[[ Records shown open ]]
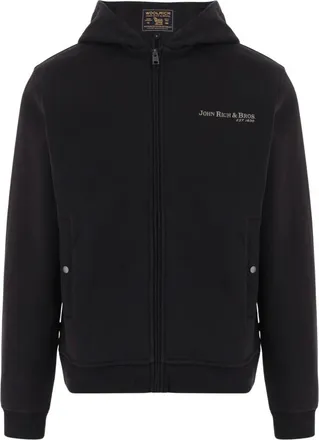 Woolrich Hoodies & sweatvesten, Heren, Zwart, 2Xl, Katoen, Hoodie van katoenmix met logo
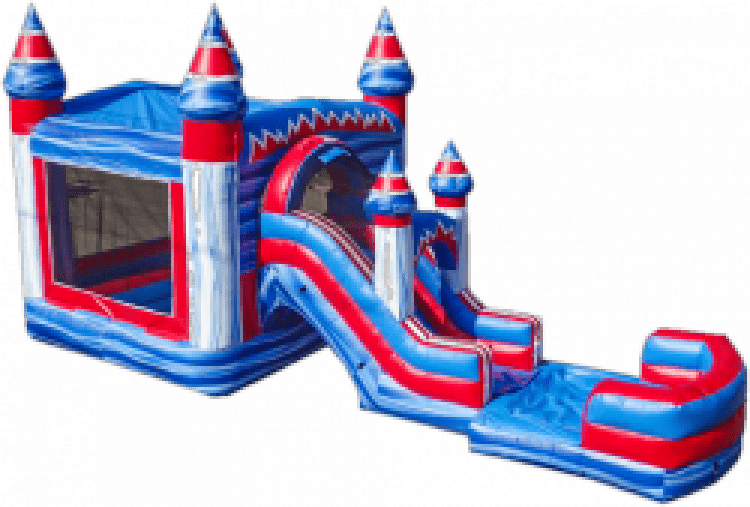 Wet&Dry Bounce House W/Slide Rentals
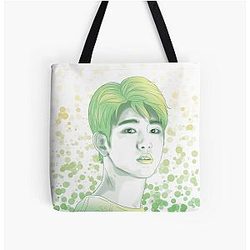 GOT7 Jinyoung - Green All Print Tote Bag
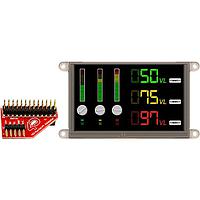 4D Systems gen4-uLCD-50DT-SB-PI Resistive 5.0" gen4 LCD pack for Raspberry Pi with gen4-uLCD-50DT-SB, 4D Serial Pi Adaptor + Cable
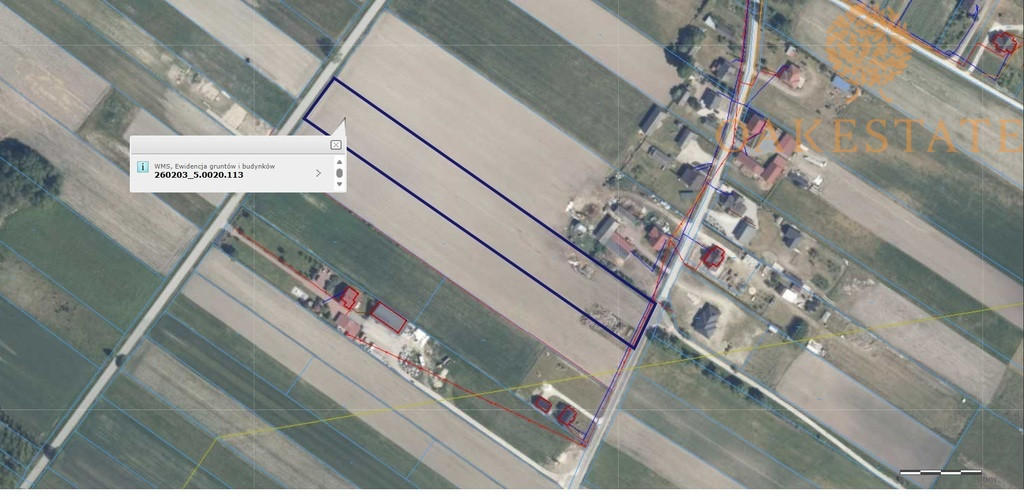 Żarczyce Małe, działka 1,11 ha siedliskowo-rolna - Więcej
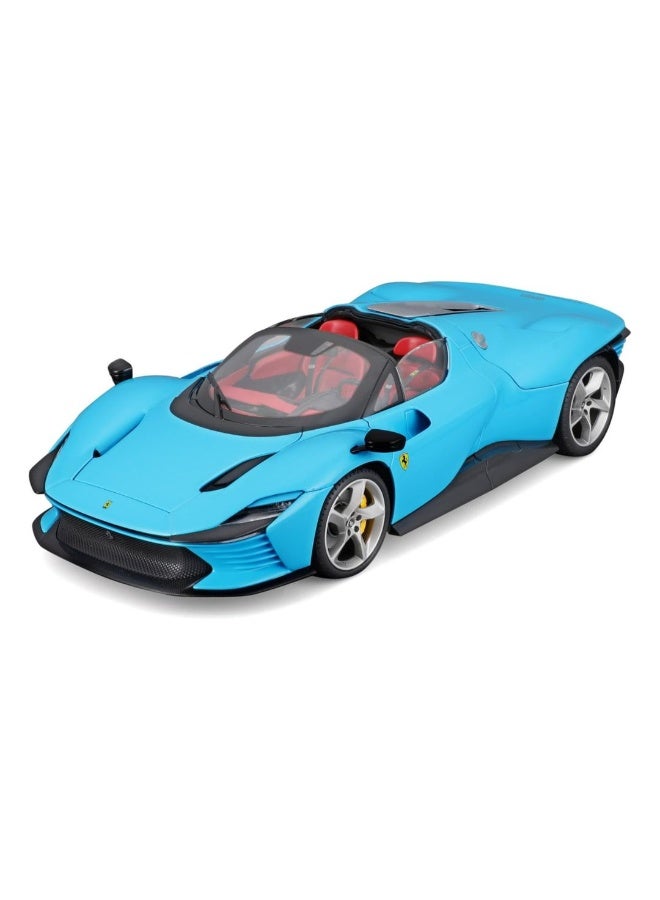 Bburago سيارة ببراغو فيراري سبيشال فيراري دايتونا SP3 مصنوعة من المعدن (أزرق فاتح، 1:18) - Image 2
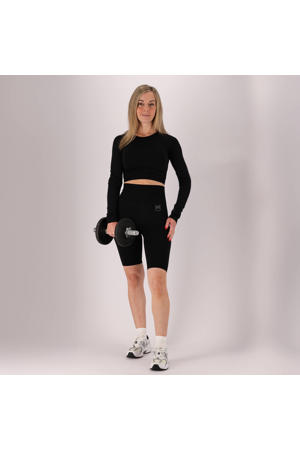 Sport crop top - Zwart - 1-Pack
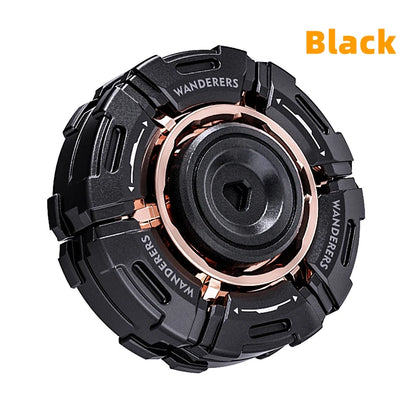Ultra-Smooth Glowing Fidget Toy Spinner Stress Relief Focus Tool for Anxious Adults Kids with Cool Armor Opening EDC Toy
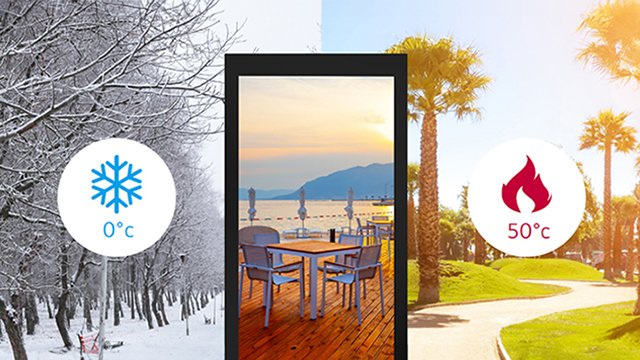 LG 55" 3,000nit Open Frame Outdoor Digital Signage Display 11 LG 55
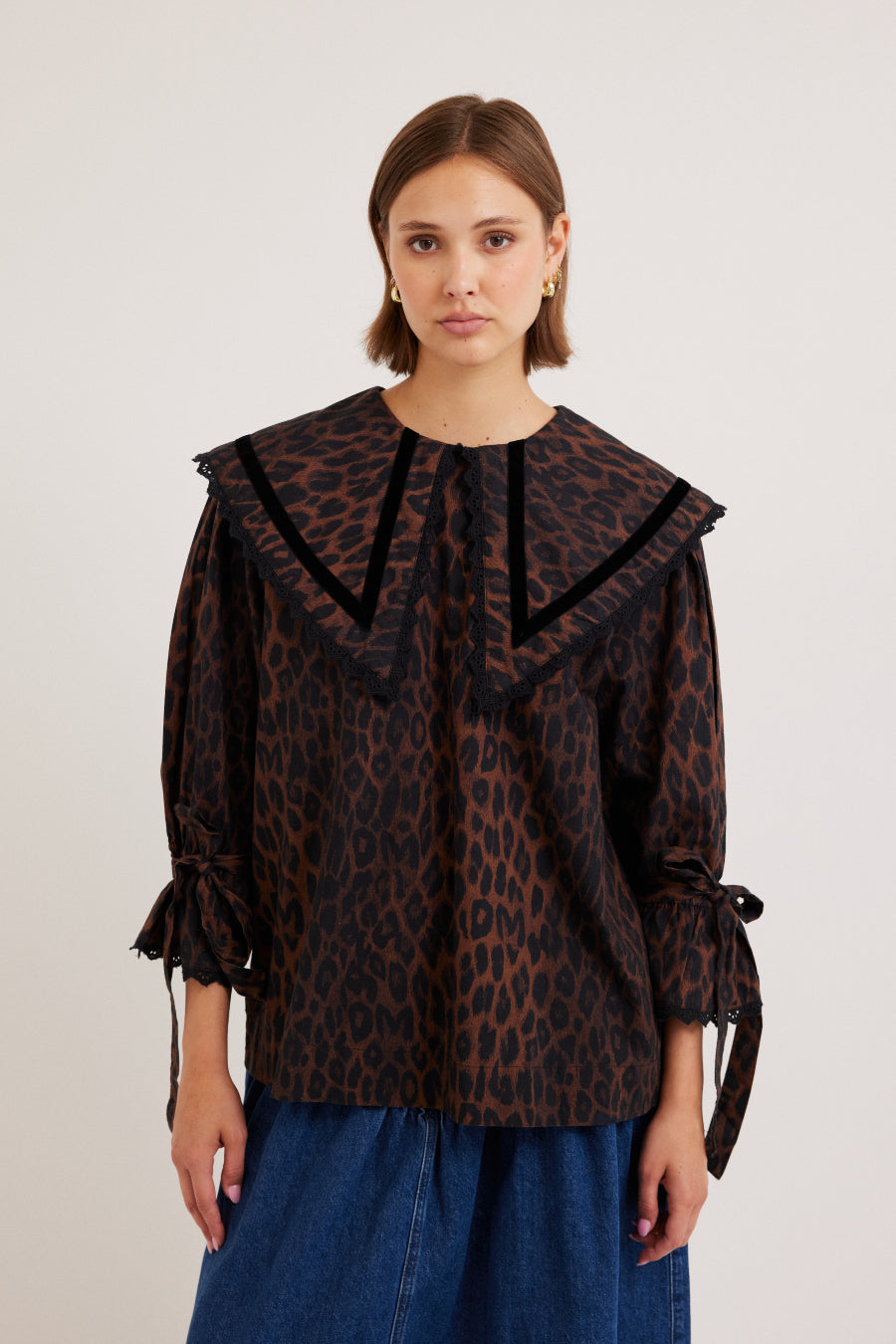 candice blouse - leopard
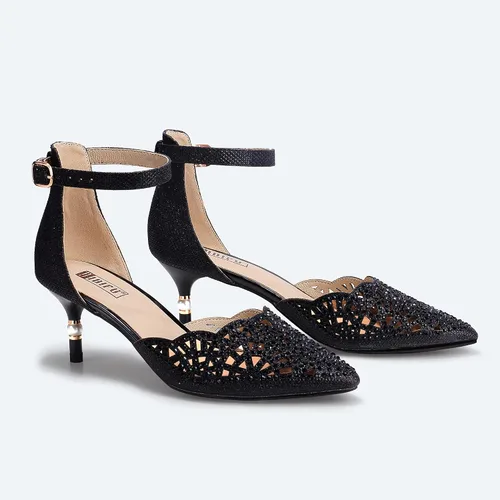 Vista 3 de IDIFU In2 Candice - Zapatos de noche para mujer, con lentejuelas y lentejuelas para boda, zapatos de noche para mujer, novia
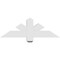 Ekena Millwork Kennewick Architectural Grade PVC Gable Bracket, 36"W x 12"H x 4"D x 4"F, 8/12 Pitch GBP036X12X0404KEN00 - alternate 3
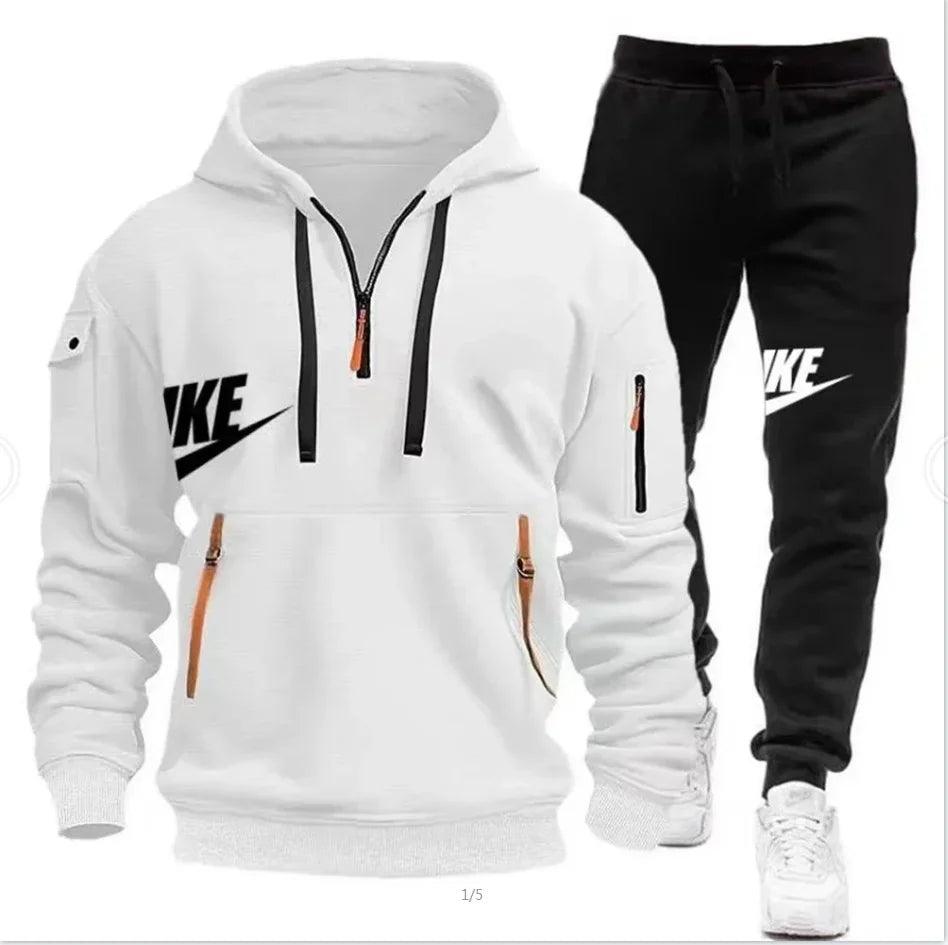 Men's 2-Piece Hoodie & Jogger Set - Long Sleeve Pullover Tracksuit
[[ Records shown closed ]]
# Exercise description
All of the records must come back exactly as they stand, minus every picture.

# Expected answer
 Woolrich Hoodies & sweatvesten, Heren, Zwart, 2Xl, Katoen, Hoodie van katoenmix met logo
 Wet&Dry Bounce House W/Slide Rentals
 GOT7 Jinyoung - Green All Print Tote Bag
 4D Systems gen4-uLCD-50DT-SB-PI Resistive 5.0" gen4 LCD pack for Raspberry Pi with gen4-uLCD-50DT-SB, 4D Serial Pi Adaptor + Cable
 Żarczyce Małe, działka 1,11 ha siedliskowo-rolna - Więcej
 Bburago سيارة ببراغو فيراري سبيشال فيراري دايتونا SP3 مصنوعة من المعدن (أزرق فاتح، 1:18) - Image 2
 Sport crop top - Zwart - 1-Pack
Ultra-Smooth Glowing Fidget Toy Spinner Stress Relief Focus Tool for Anxious Adults Kids with Cool Armor Opening EDC Toy
 LG 55" 3,000nit Open Frame Outdoor Digital Signage Display 11 LG 55
 candice blouse - leopard
 Vista 3 de IDIFU In2 Candice - Zapatos de noche para mujer, con lentejuelas y lentejuelas para boda, zapatos de noche para mujer, novia
 Ekena Millwork Kennewick Architectural Grade PVC Gable Bracket, 36"W x 12"H x 4"D x 4"F, 8/12 Pitch GBP036X12X0404KEN00 - alternate 3
 Men's 2-Piece Hoodie & Jogger Set - Long Sleeve Pullover Tracksuit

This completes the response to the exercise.